Activity
What follows is a listing to transcribe exactly, leaving the pictures out.

Raw data

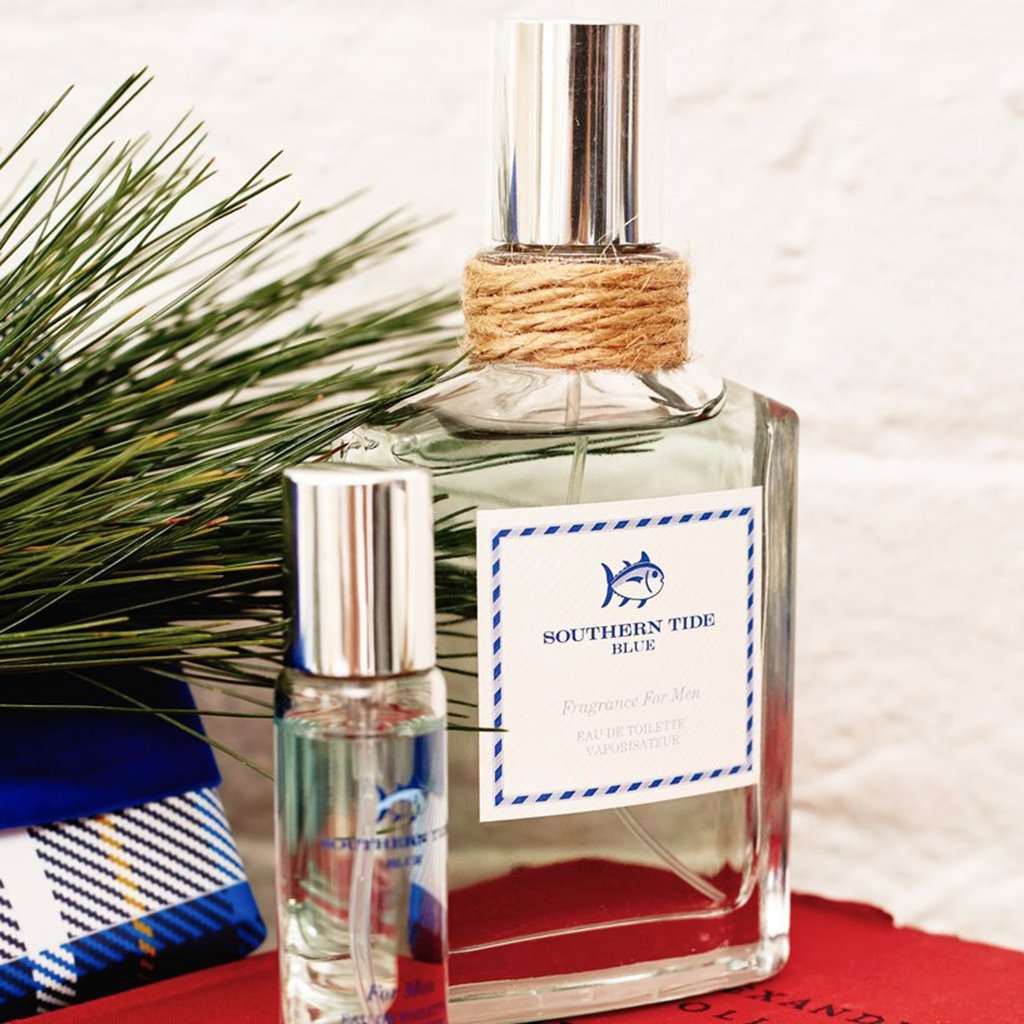 Blue Cologne by Southern Tide - Country Club Prep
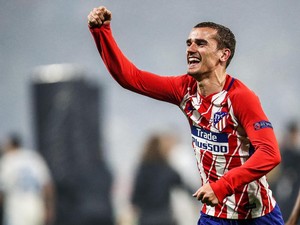 Griezmann Akan Tetap Main di Klub Spanyol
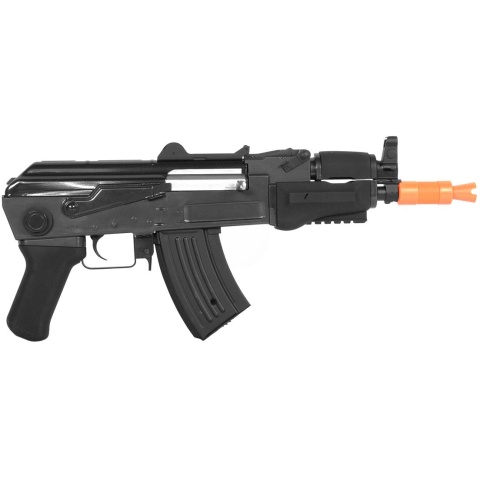 JG Airsoft Full Metal Gearbox AK47 Beta Krinkov AEG Rifle
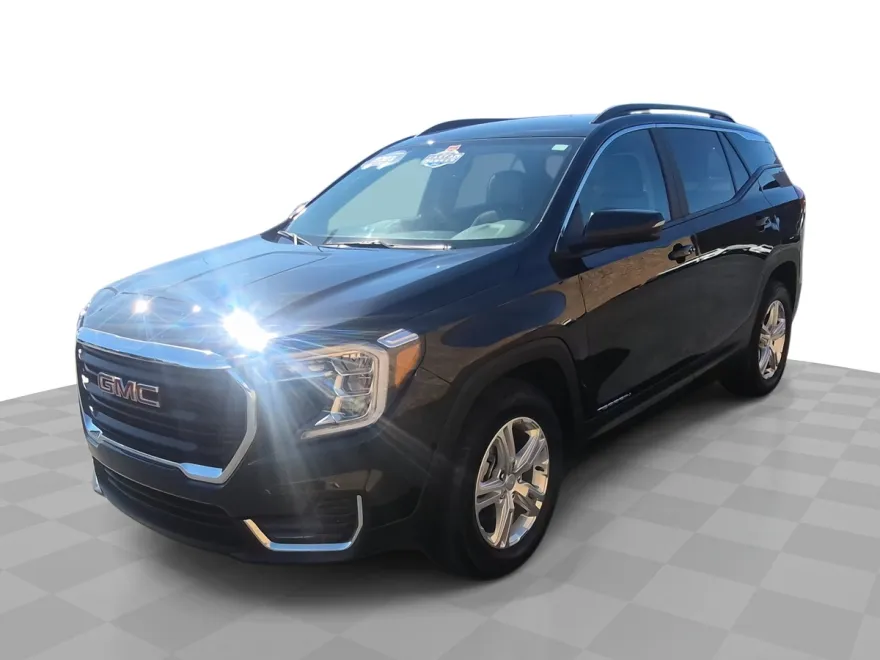 2023 Gmc Terrain SLE photo 1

Written solution
 Blue Cologne by Southern Tide - Country Club Prep
 Griezmann Akan Tetap Main di Klub Spanyol
 JG Airsoft Full Metal Gearbox AK47 Beta Krinkov AEG Rifle
 2023 Gmc Terrain SLE photo 1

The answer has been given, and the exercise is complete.